Une dégustation de vins nous retient à Arenie où nous découvrons aussi les saveurs de la liqueur de mûres, du cognac arménien, des abricots secs naturels, du miel et d’autres produits du terroir bien tentants !

Nous pénétrons alors en République du Haut-Karabakh (« les hautes terres »), les événements d’avril nous ayant toutefois fait craindre de ne pouvoir nous y rendre ; mais les esprits se sont calmés depuis pour une trêve non déterminée. La région est aussi habitée par les Arméniens et les Russes qui aident au développement. Nous avons été surpris par l’élégance et la modernité de sa capitale Stepanakert. Nous garderons un souvenir ému de l’exquise église de Gandzasar (1216-1238), installée au sommet d’une colline verte, restaurée et fonctionnelle, ainsi que de la Cathédrale Ghangatchetsots restaurée également après avoir servi de grenier à blé et de dépôt d’armes aux Azerbaïdjanais (1989 – 1992).

De retour au pays, non loin de la ville de Goris, nous nous attardons au village troglodyte de Khndzorests.
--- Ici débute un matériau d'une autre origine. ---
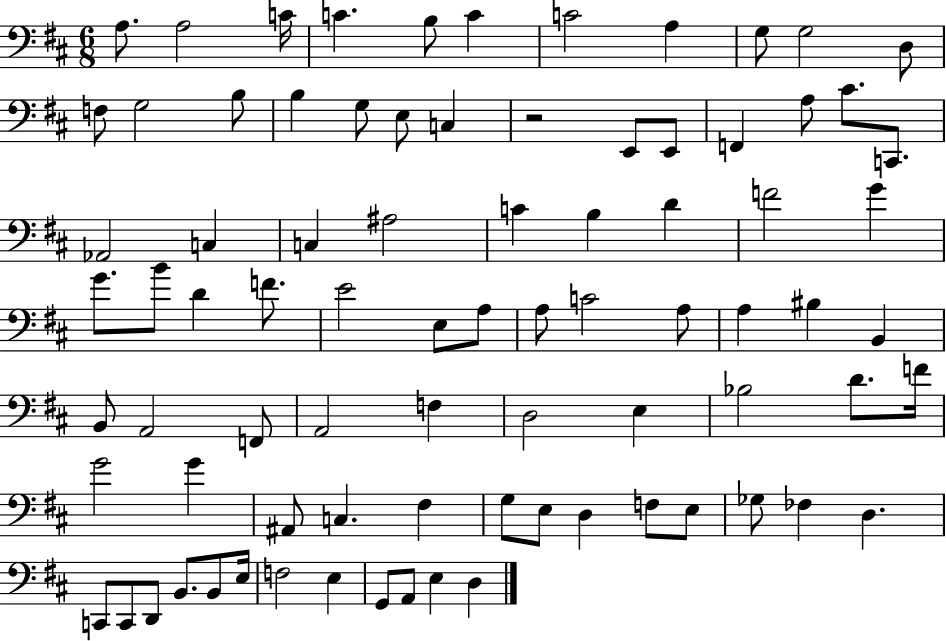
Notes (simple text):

A3/e. A3/h C4/s C4/q. B3/e C4/q C4/h A3/q G3/e G3/h D3/e F3/e G3/h B3/e B3/q G3/e E3/e C3/q R/h E2/e E2/e F2/q A3/e C#4/e. C2/e. Ab2/h C3/q C3/q A#3/h C4/q B3/q D4/q F4/h G4/q G4/e. B4/e D4/q F4/e. E4/h E3/e A3/e A3/e C4/h A3/e A3/q BIS3/q B2/q B2/e A2/h F2/e A2/h F3/q D3/h E3/q Bb3/h D4/e. F4/s G4/h G4/q A#2/e C3/q. F#3/q G3/e E3/e D3/q F3/e E3/e Gb3/e FES3/q D3/q. C2/e C2/e D2/e B2/e. B2/e E3/s F3/h E3/q G2/e A2/e E3/q D3/q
Embusquées sous une végétation luxuriante, quelques grottes sont encore habitées par des bergers bien qu’abandonnées dans les années 1950/1960.
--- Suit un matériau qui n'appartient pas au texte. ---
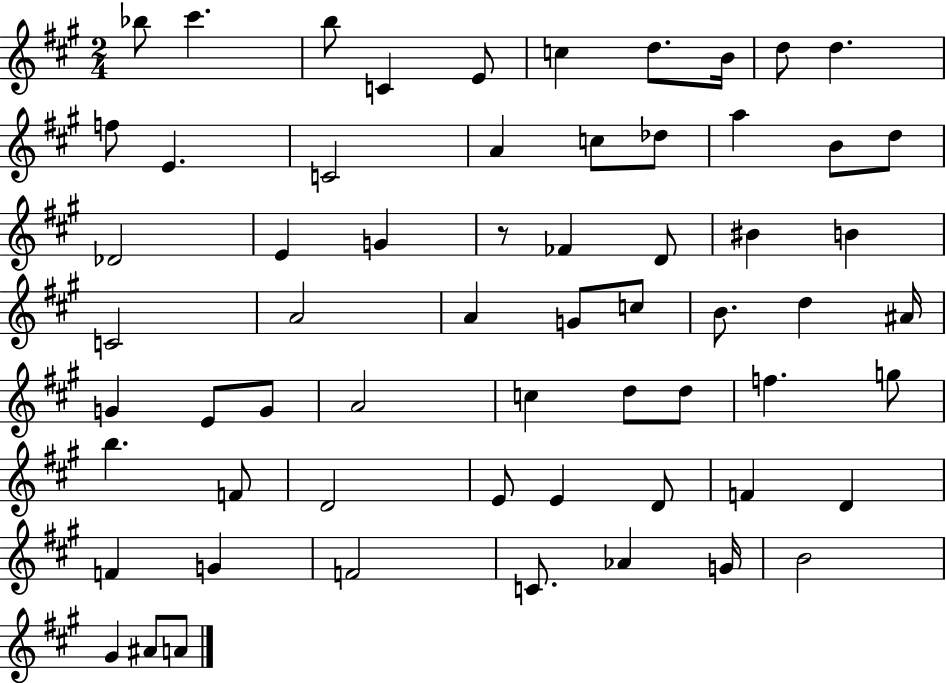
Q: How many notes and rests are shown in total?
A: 62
Ainsi, de monastère en monastère dont certains sont repris dans la liste du patrimoine mondial de l’UNESCO (Tatev, Sanahine, Haghpat...), nous traversons les siècles surpris par l’originalité de l’architecture religieuse médiévale unique en son genre. Au monastère-forteresse d’Akhtala (Xe S.), les fresques murales retiennent notre attention : la plupart portent des inscriptions en grec et constituent une belle présentation de l’art byzantin.
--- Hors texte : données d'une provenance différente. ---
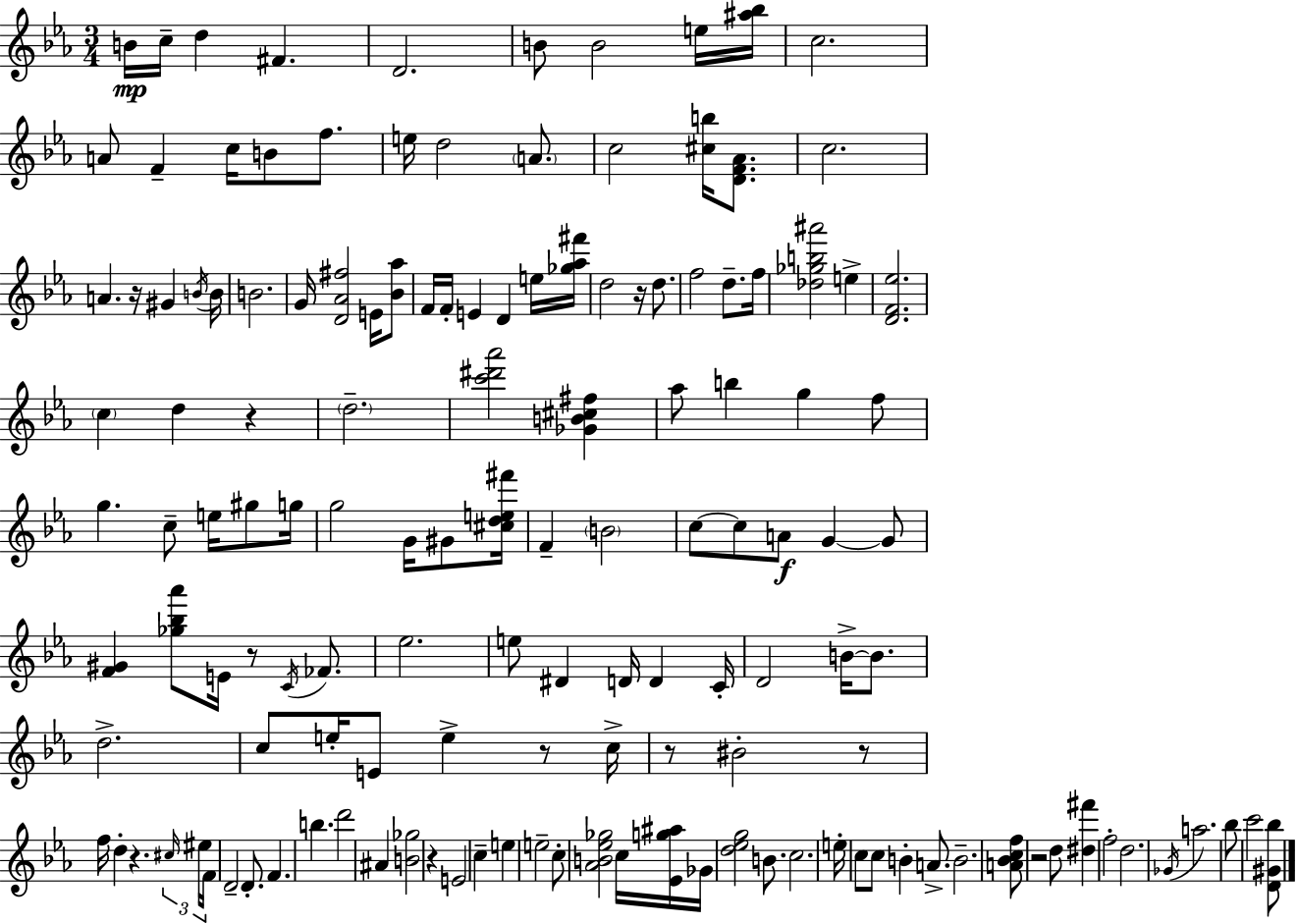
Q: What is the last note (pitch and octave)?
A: C6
C’est à Gyumri que nous constatons les effets dévastateurs du séisme de 1988 qui a fait plusieurs milliers de morts, de sans-abris... Des cimetières jalonnent la route...

Un autre lieu nous fascine : la basilique et le site archéologique de Yererouyk (IVe au Ve s.) à 5 km d’Ani. En effet, depuis un moment nous longeons la frontière avec la Turquie et nous comprenons, par les recommandations de notre guide, que l’ennemi n’est pas loin... Les cris de jeunes écoliers en liberté nous privent d’un concert de oud au coeur du temple...

Tout aussi pittoresques, en banlieue d’Erevan, devant le mont Ararat, les ruines de la cathédrale de Zvartnots « les anges célestes » (UNESCO) construite au VIIe siècle dédiée à Grégoire l’Illuminateur, et partiellement réparée au début du XXe siècle

Le Lac Sevan (1/6 du territoire arménien et profond de 80 mètres) est un des plus grands lacs de montagne de l’Eurasie ; il est alimenté en eau douce par 28 fleuves et rivières. Depuis les ruines du monastère (871 – 874) détruit par les Arabes puis les Soviétiques en 1930, la vue est splendide ! Une autre merveille encore : le Monastère rupestre Sainte-Lance de Geghard (XIIIe) (UNESCO), exceptionnellement bien conservé, qui s’élève dans un désordre de roches d’une beauté sauvage.

Riche également en artistes, peintres, sculpteurs, musiciens, écrivains... l’Arménie vaut assurément une visite et un séjour prolongé.

Nos chaleureux remerciements unanimes vont à notre guide Simbad qui nous a transmis l’attachement qu’il éprouve pour son pays et à notre voyagiste Enzo pour l’organisation sans faille de ce magnifique voyage, ainsi que pour l’assistance qu’il nous a apportée afin de nous éviter les fâcheuses conséquences des grèves intempestives.